Why global property?

  • Global property expands your range of investment opportunities to a broader set, and by doing that you are better set up to deal with the structural challenges that we’re seeing.
  • A typical global property portfolios looks pretty different to the UK.
  • Global property funds are typically open ended, and a mature portfolio: the majority of return comes from income.
  • Retail allocations are more like 15% in global property. This is often more in supermarkets, groceries and other necessity-based consumerism which is more resilient.
  • The focus is global cities in more liquid developed markets.
  • Offices are a big component of portfolios: in global cities, large CBDs, best-in-class sites that attract company HQ’s eg London, San Francisco, Melbourne, Munich, Paris.
  • Global portfolios tend to have a much larger focus on “alternative” property sectors such as: residential. This is often in purpose-built rental accommodation, and in urban locations for those living and working in cities.
  • The US property market is interesting – much larger role for REITs (listed) market and they have shifted into new sectors such as data centres, self-storage, student accommodation and elderly accommodation. They are beginning to feed through into the unlisted markets for the kind of funds we are looking at. These sectors are more on the right side of  the demographic and structural changes we are seeing – so global property managers are better placed to access these.
  • Worldwide property stock is at $30trn and the UK is 4-5% of that. The arguments for going from UK to global are similar to those for equity, it’s just that the available routes to global property for UK investors have improved.
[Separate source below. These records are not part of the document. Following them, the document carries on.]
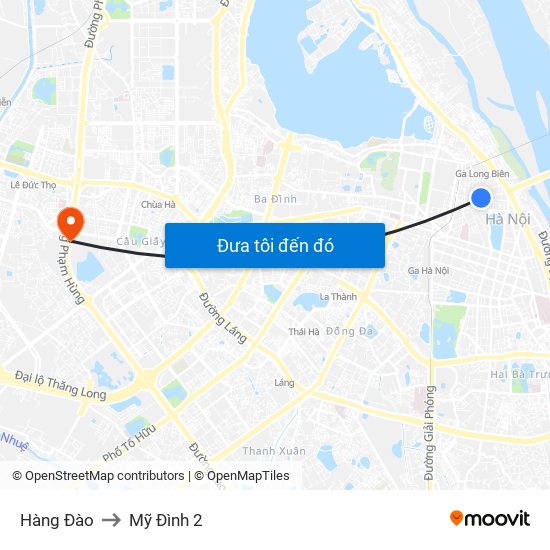 Hàng Đào to Mỹ Đình 2 map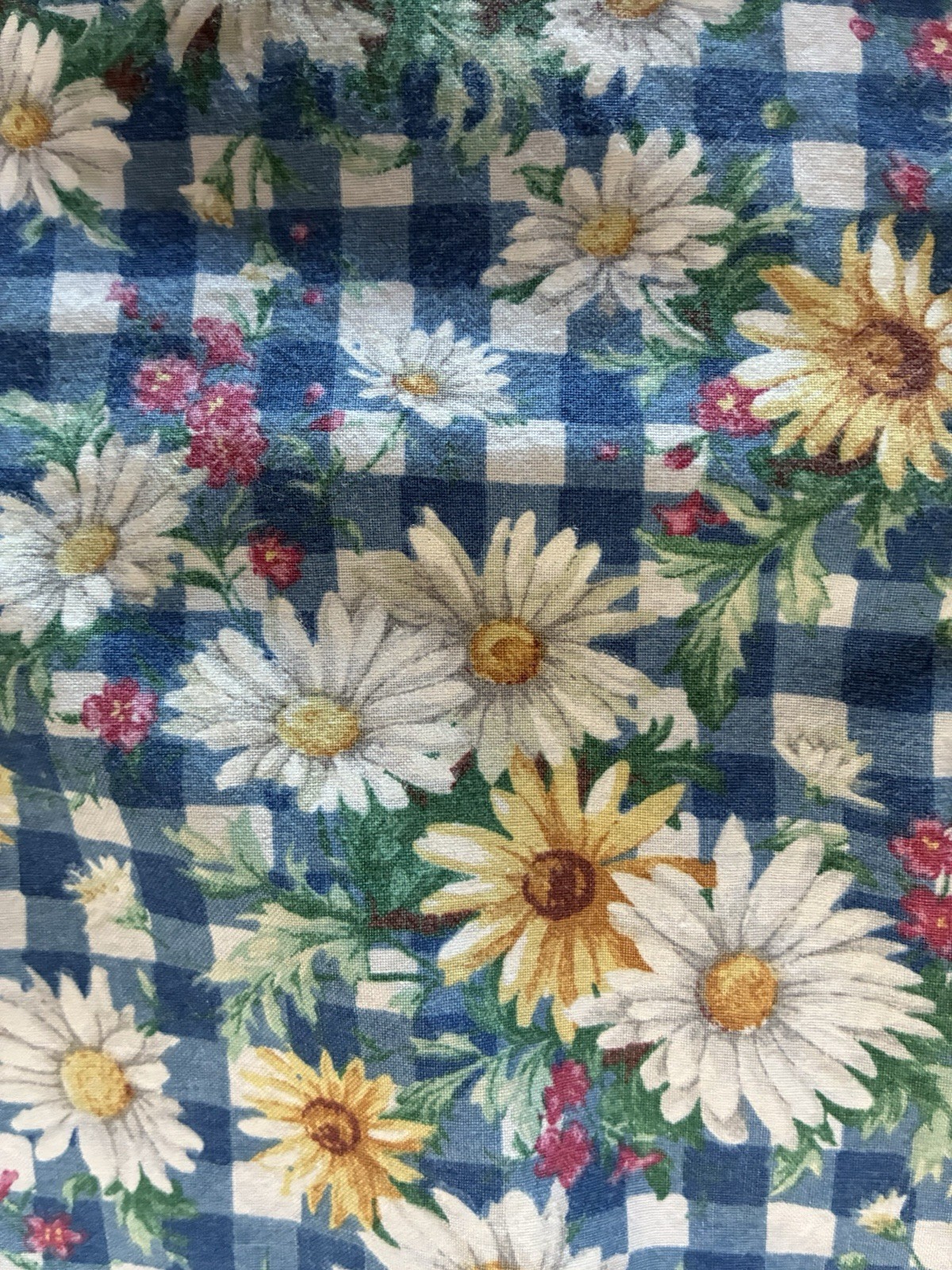 Vintage 80s Andrew McMullan Gingham Daisy Print Button Up Short Sleeve M USA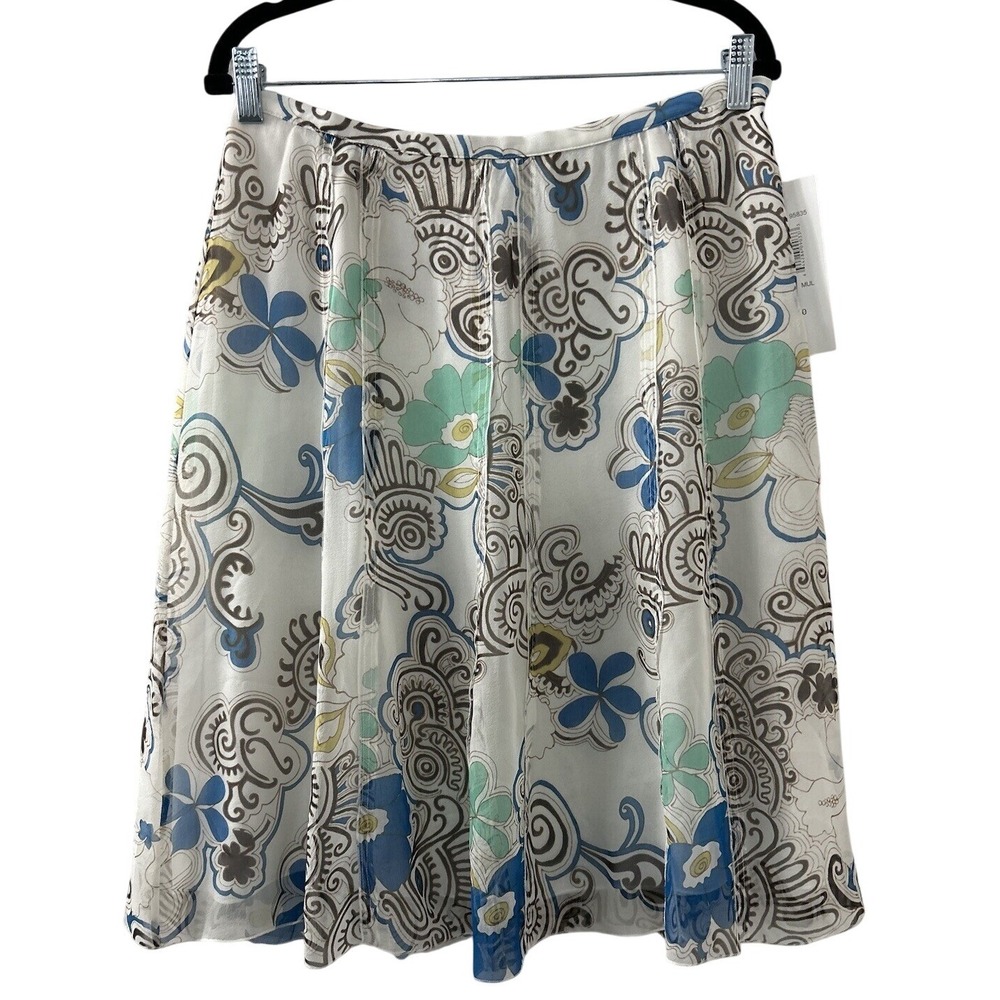 Allison Taylor Silk Floral Skirt 10 White Blue Paisley Boho Cottagecore Shabby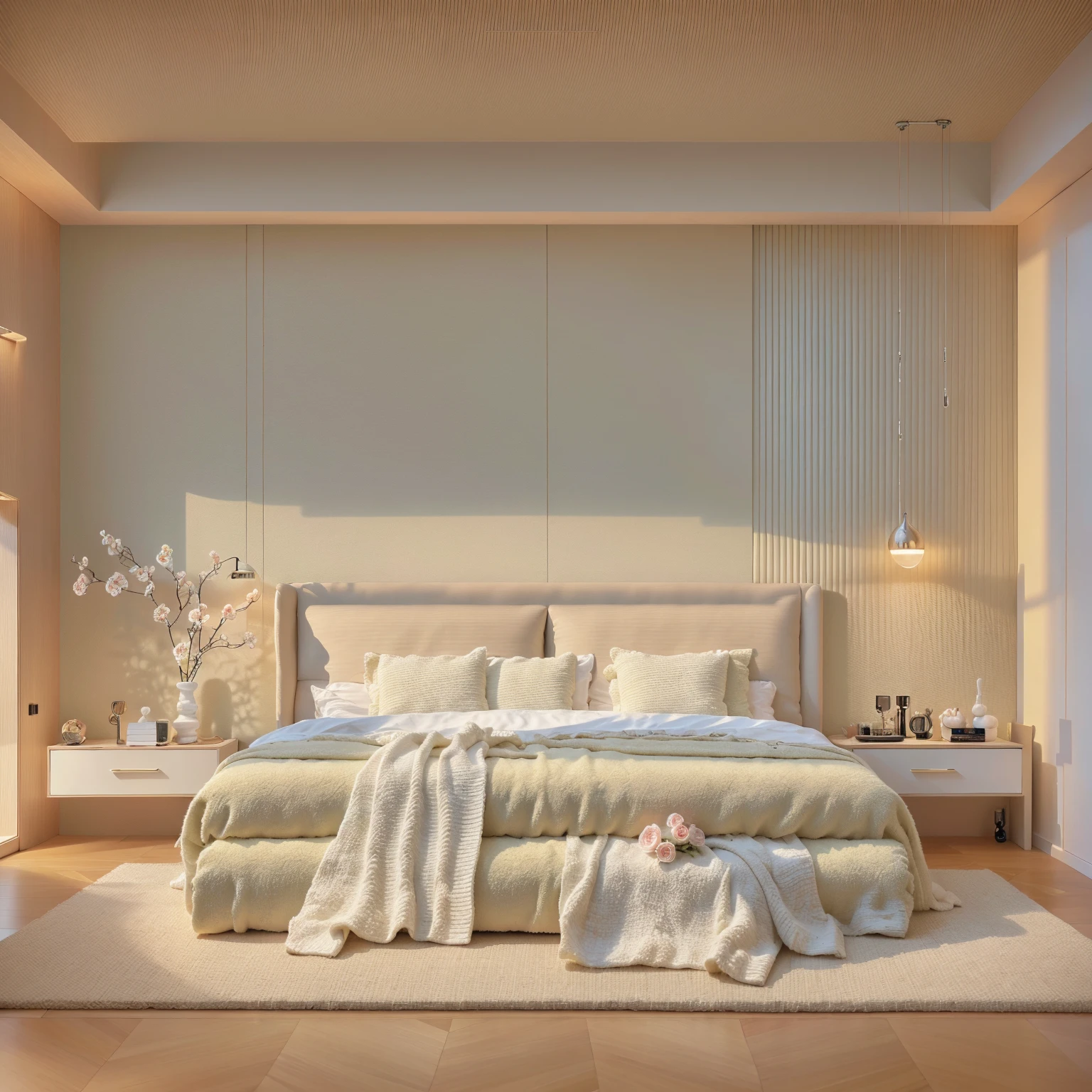 RAW photo of The bedroom becomes a showcase for exquisite works of art , masterpiece, best quality, 8k, ultra highres, In a décor style, On the wall hangs a huge oil painting, The colorful flowers exude a gorgeous fragrance in the shimmering light, On the bedside table are carefully carved crystal vases, Inside it are blooming red roses, The walls are inlaid with black glass,The shimmering light creates a mysterious and romantic atmosphere, A pair of sculptural figures stand at the end of the bed, They seem to be whispering vows of love, Every corner of this bedroom is a unique work of art like being in a dreamy art world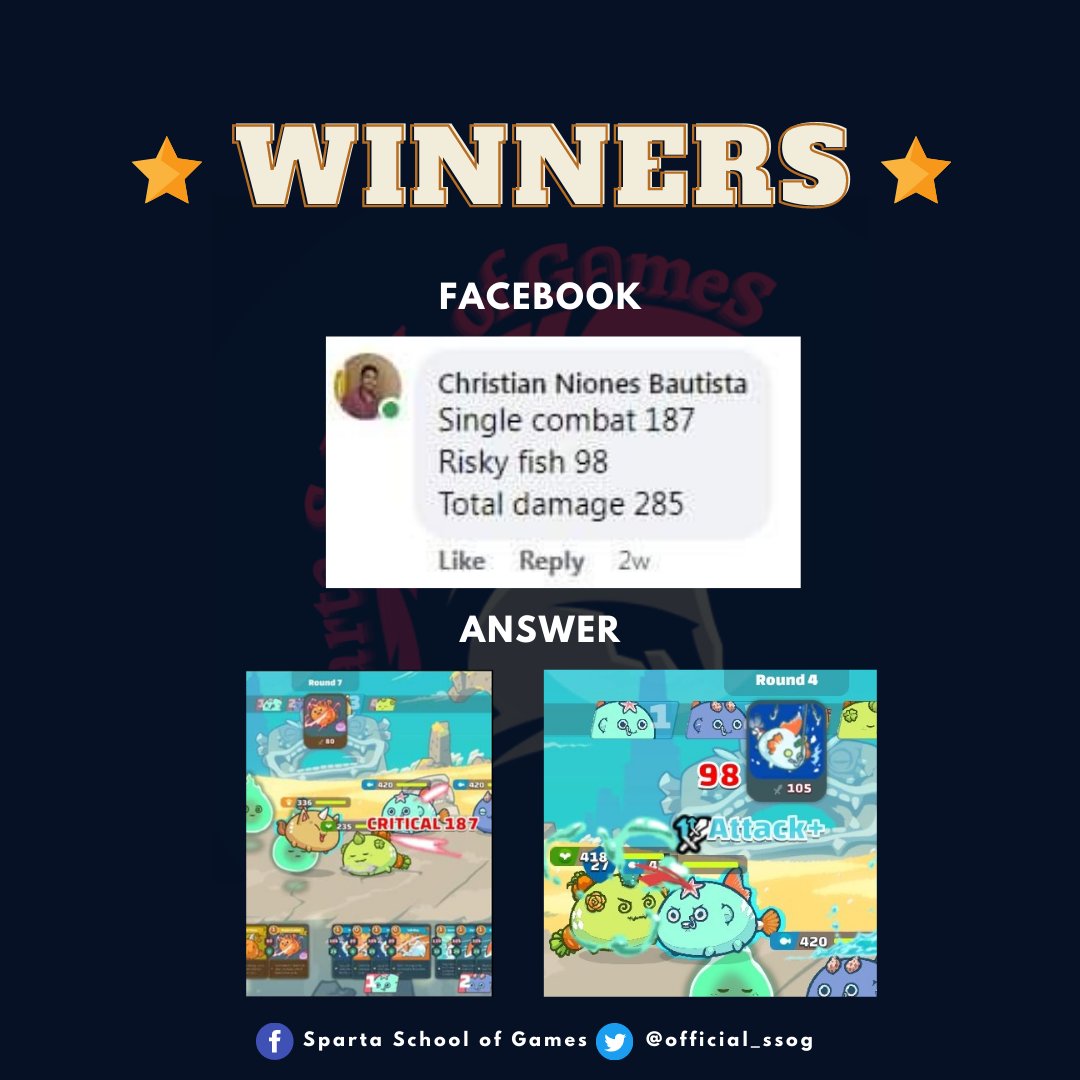 official_ssog's tweet photo. Here is the winner for our game last April 12, 2022 👀 Congratulations! PM us your ronin to claim your 100 slp 😎

Check the post:
🔗https://t.co/8hb5kOfjAw

JOIN OUR ONGOING GAMES 🥳 https://t.co/5xxK5gbtXG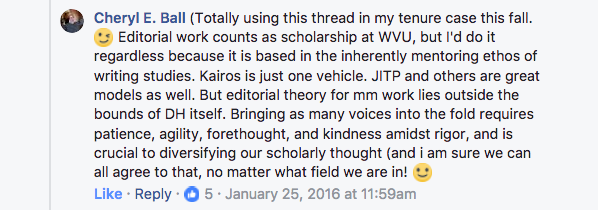 A screenshot from a Facebook conversation about a lack of diversity among authors in this issue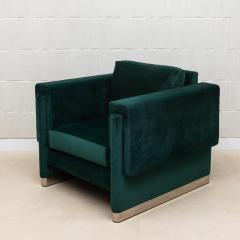 Green Velvet Chair with Stainless Steel Details by MOGUL IN STOCK - 4208002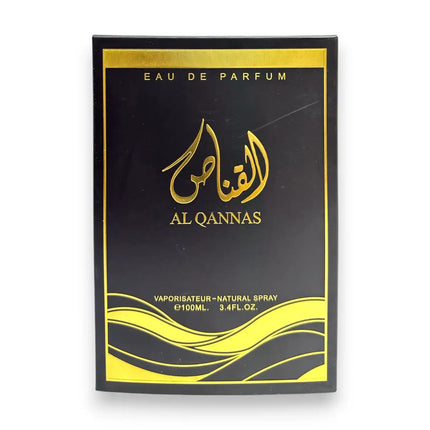 Al Qannas Black Eau de Parfum 100ml packaging featuring bold gold and black design with Arabic script.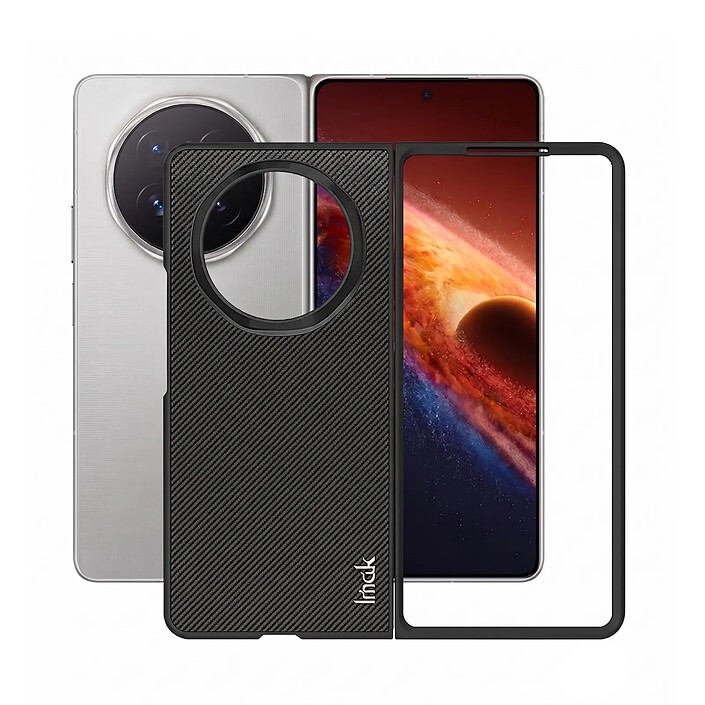 Acheter iMak Coque pour Honor Magic V6 Rigide Pliable Antidérapante Effet Carbone Noir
The challenge of covering such a broad universe of private assets

  • Property is a people business and your manager needs an established local presence across the globe; plus a way to knit it all together, cross-compare themes and opportunities before allocating.

Rights of landlords are a central theme to allocating

  • It differs a lot across the world and state by state in the US.

Property is driven by

  • Demographics
  • Occupier demand

Property investing is about identifying them and deploying your investment where you are most likely to benefit from those trends.

Key considerations from environmental, social angles becoming the lynchpin of a successful strategy

  • For example offices. Prior to pandemic it was all about packing more people in. Now its about thinking about the experience of being in the office: better spaces for meeting, interacting with clients, more modern buildings, more light and better heating.

But what about the bear case for cities?

  • Companies are using less offices in the future, people are moving out of cities and there are big run-ups in property prices already over the last 20 years which are looking fully priced.
  • It’s about the demand for people going into the office and collaborating – the world won’t settle close to being 100% remote.
  • Allocate the right kind of offices that will be in demand for tenants – large blue chip corporates. Distinguishing between those that will work in a post-Covid world and those that won’t.

The pros and cons of the listed vs unlisted markets

  • Listed – good dividend yields. Another way to access global property and benefits from a lot of the themes discussed. In the US c50% focused on alternative sectors. Daily priced and marked to market so they do tend to be volatile and correlated to equities. Liquidity is another attraction – it can go in/out and rebalance easily.
  • Unlisted – unit trusts (usually open ended –/ quarterly dealing) valuations appraisal based, gives a smoothing effect to returns.

One thing to take away

  • Follow your instinct, it is quite established in other asset classes that global makes more sense. The same mindset works in property, and also options exist now that didn’t 5 years ago to do this

Most under-appreciated thing about investment

  • What it means to be a long-term investor. For illiquid asset classes you can’t get in/out easily so you have to take a long-term view, which is hard with all the noise. The requirement for regular valuations can actually create issues. Have the confidence to look through the short term noise.